Through these edtech courses I have also become acquainted with so many different online tools. By being exposed to so many different tools and having to play around with each one at different times, I have found so many new ways to communicate, evaluate, collaborate, etc. We want the students of this course to feel the same way. For this reason, our instruction and the assignments students complete often require students to utilize different tools so that at the end they will have been exposed to many different tools and know how to handle each one, as well as which ones they prefer and they can create a library of tools that they will be proficient in using in all walks of life. I think it’s our intention at this point that at least many of the assignments will be posted on blogs so it is not being created solely for the instructors for the sake of passing the course, but it will create a digital portfolio of work and the fact that other students will be viewing, commenting, and learning from each other will only add to the relevance of each assignment.
Reading other classmate blogs like Liz’s and Lindy’s, it becomes clear how we all feel a sense of community in these classes, and want to foster that element in our own courses. My co-collaborator Ashley talked about the value of Twitter in creating PLN’s (personal learning networks), so give her blog a read as well as I don’t want to be redundant, but I do want to stress the value of Twitter which is why we have included it in our course. Students enrolled in this course will abandon the forum as class ends, and the blogs could very likely fizzle out, but Twitter has the potential to continue on. Like Ashley, I didn’t initially find Twitter all that helpful to me as a professional, but when you can find and connect with those people who will become your PLN, it has the potential to be (in my mind) your biggest source of professional development and inspiration. Sometimes in life, you need to be forced into something and to stick it out long enough to find the true benefits!

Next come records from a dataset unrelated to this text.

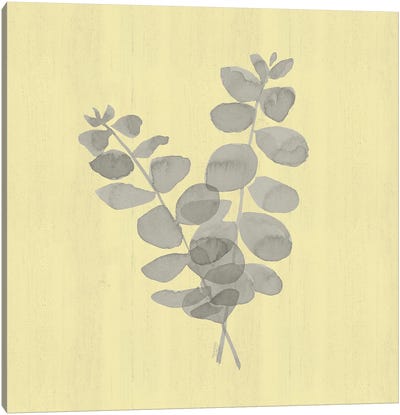Natural Inspiration Eucalyptus Gray & Yellow I Canvas Art Print - Eucalyptus Art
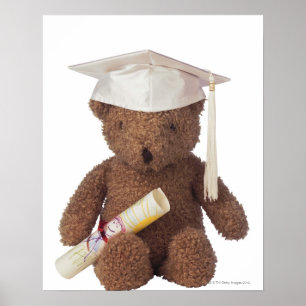 Póster Urso de ursinho que veste o mortarboard e com
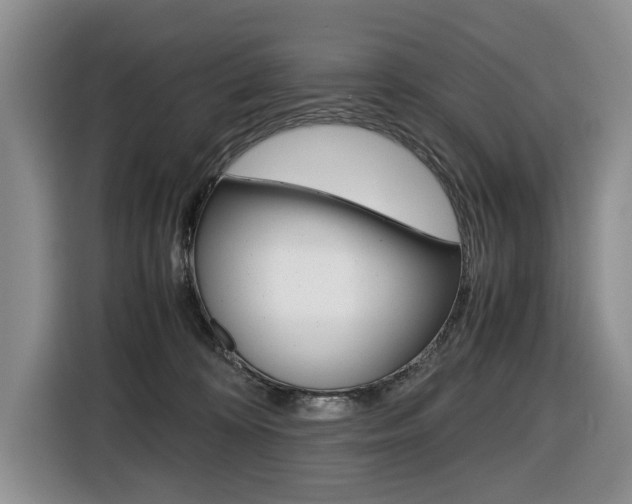 X0000116420324200912081205
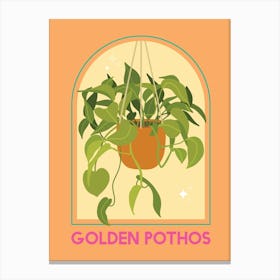 Golden Pothos Canvas Print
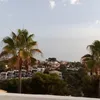 lucsuiii31
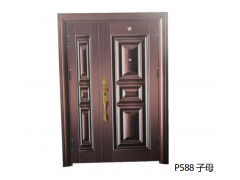 安嘉安全门 P588子母图1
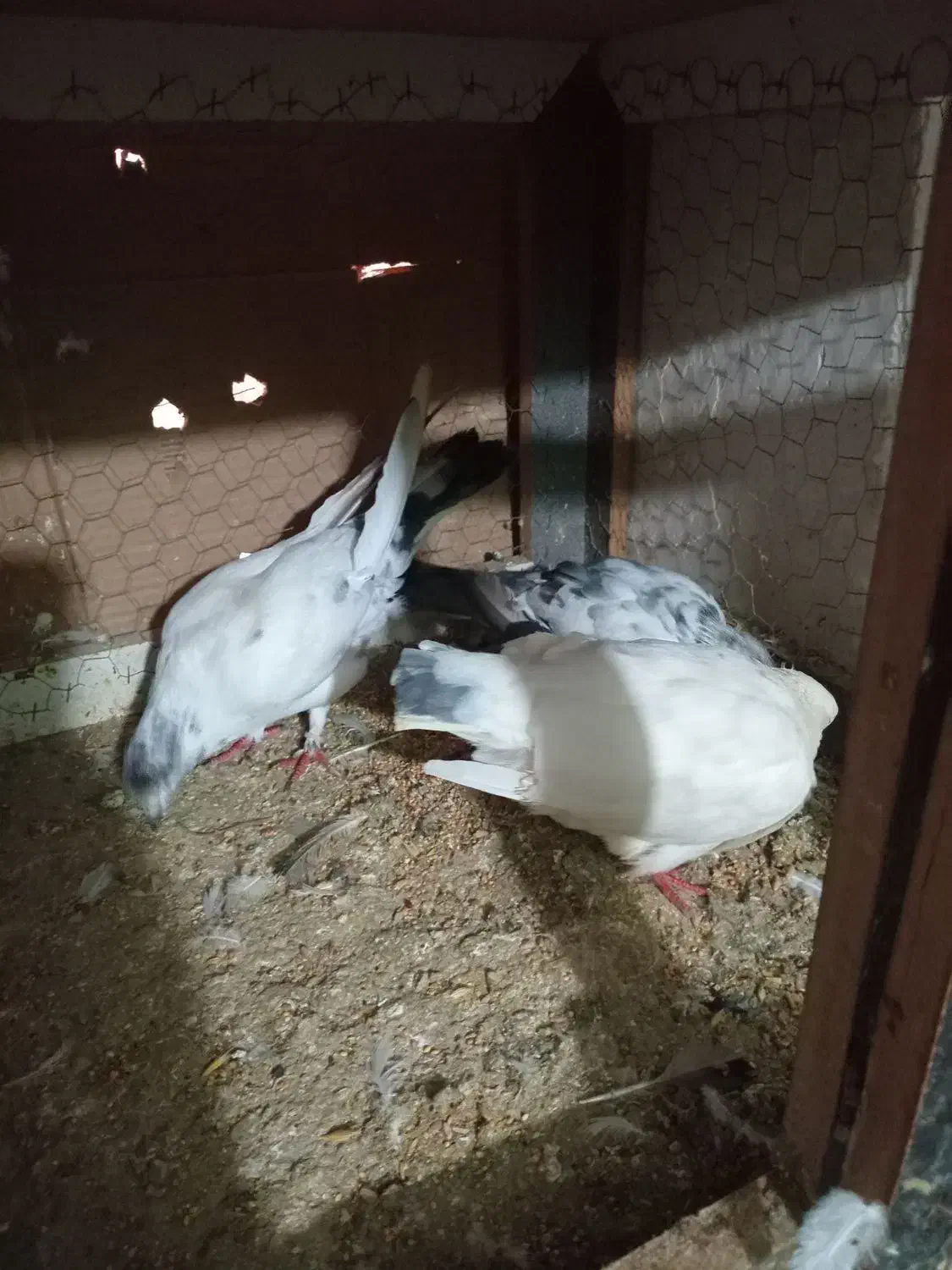 کبوتر|پرنده|آمل, |دیوار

We will have rubrics as well to provide some meaningful guidance for students, but I would like to point out here that this is a great course to ‘walk the walk’. This is where instructors, and we as teachers, need to be visible online to an extent. Kayla Delzer’s article ‘How You Can Become a Champion of Digital Citizenship in Your Classroom’ really provides a great read as to the importance of this, and references George Couros saying that we need to teach students to be ‘googleable’ so as to create that ever important positive digital footprint. We can’t just tell students how to behave properly online, but we need to model that behaviour. I would strongly encourage any teacher who is implementing this course…actually, I take that back. I think it needs to be a requirement of any teacher teaching this course to be engaging the course community online and to be a leader and to make the interactions supportive and meaningful.
So as I am entering my final month of being a masters student, I would like to take this opportunity to thank Alec and Katia for inspiring me to become a community builder. What I have gained from these courses has had a positive impact on my own teaching practice, and I will continue to utilize technology and connectivity to continue improving.